§ **Aim of the task**
Among the entries below, one stretch runs from the line that contains "在山谷上方飞过雾的鸟瞰图" through the line that contains "Lyden af de". Repeat that stretch exactly, ends included, and only that.

§ **Provided material**
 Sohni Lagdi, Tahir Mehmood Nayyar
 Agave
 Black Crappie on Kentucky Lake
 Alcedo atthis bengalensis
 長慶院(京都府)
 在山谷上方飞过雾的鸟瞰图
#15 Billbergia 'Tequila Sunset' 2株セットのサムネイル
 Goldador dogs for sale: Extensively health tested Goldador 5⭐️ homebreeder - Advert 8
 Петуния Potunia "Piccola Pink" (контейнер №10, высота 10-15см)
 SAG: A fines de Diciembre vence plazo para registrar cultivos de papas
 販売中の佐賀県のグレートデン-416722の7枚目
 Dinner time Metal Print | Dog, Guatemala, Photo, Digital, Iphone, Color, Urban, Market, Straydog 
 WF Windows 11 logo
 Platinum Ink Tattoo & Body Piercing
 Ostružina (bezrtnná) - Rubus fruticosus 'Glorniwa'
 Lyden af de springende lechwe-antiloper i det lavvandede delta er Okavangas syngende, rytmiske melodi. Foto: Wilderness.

==

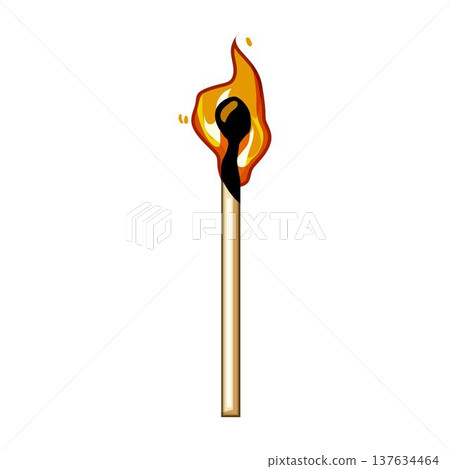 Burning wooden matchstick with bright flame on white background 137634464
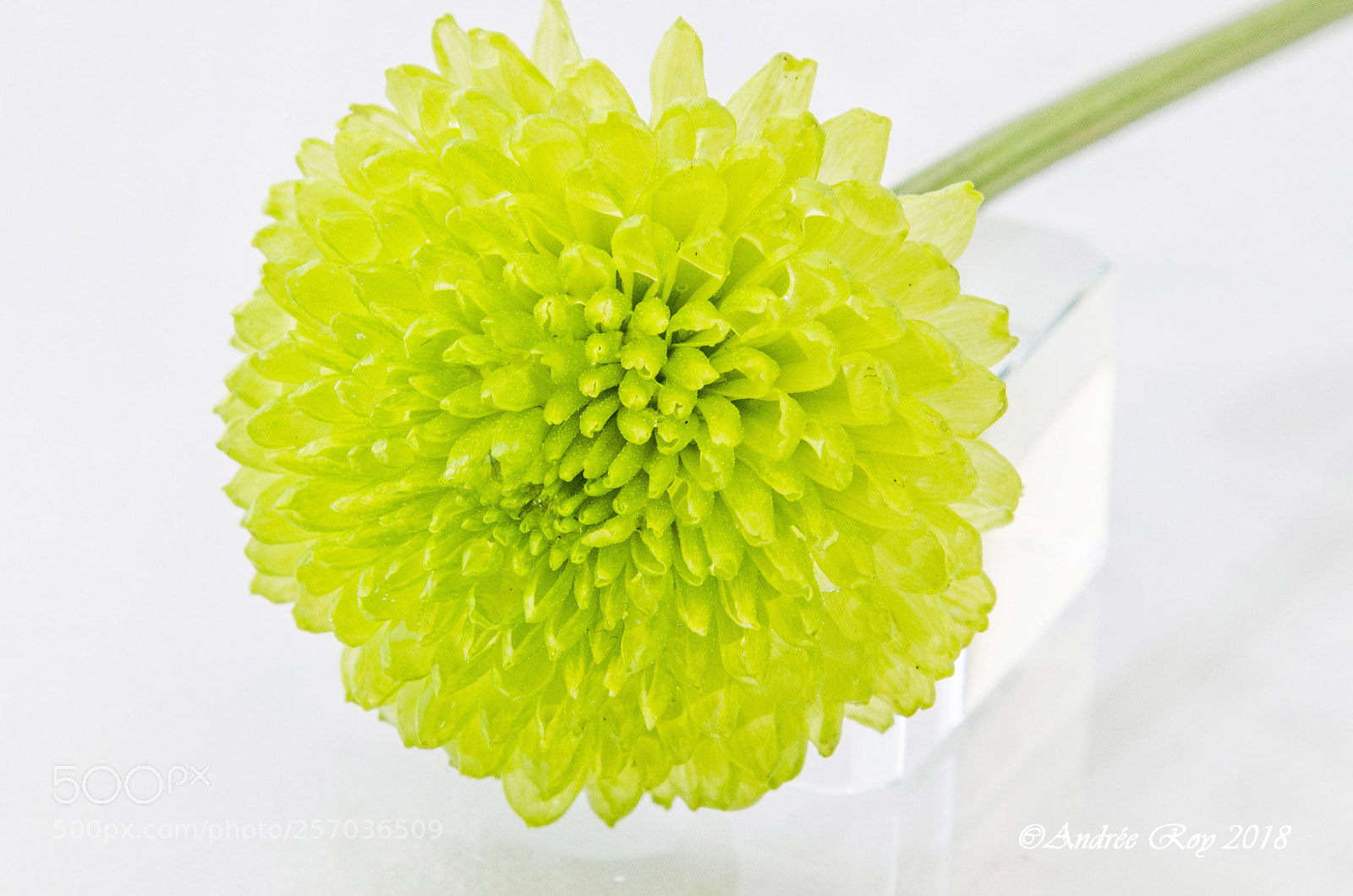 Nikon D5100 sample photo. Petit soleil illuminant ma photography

§ **Answer to the exercise**
 在山谷上方飞过雾的鸟瞰图
#15 Billbergia 'Tequila Sunset' 2株セットのサムネイル
 Goldador dogs for sale: Extensively health tested Goldador 5⭐️ homebreeder - Advert 8
 Петуния Potunia "Piccola Pink" (контейнер №10, высота 10-15см)
 SAG: A fines de Diciembre vence plazo para registrar cultivos de papas
 販売中の佐賀県のグレートデン-416722の7枚目
 Dinner time Metal Print | Dog, Guatemala, Photo, Digital, Iphone, Color, Urban, Market, Straydog 
 WF Windows 11 logo
 Platinum Ink Tattoo & Body Piercing
 Ostružina (bezrtnná) - Rubus fruticosus 'Glorniwa'
 Lyden af de springende lechwe-antiloper i det lavvandede delta er Okavangas syngende, rytmiske melodi. Foto: Wilderness.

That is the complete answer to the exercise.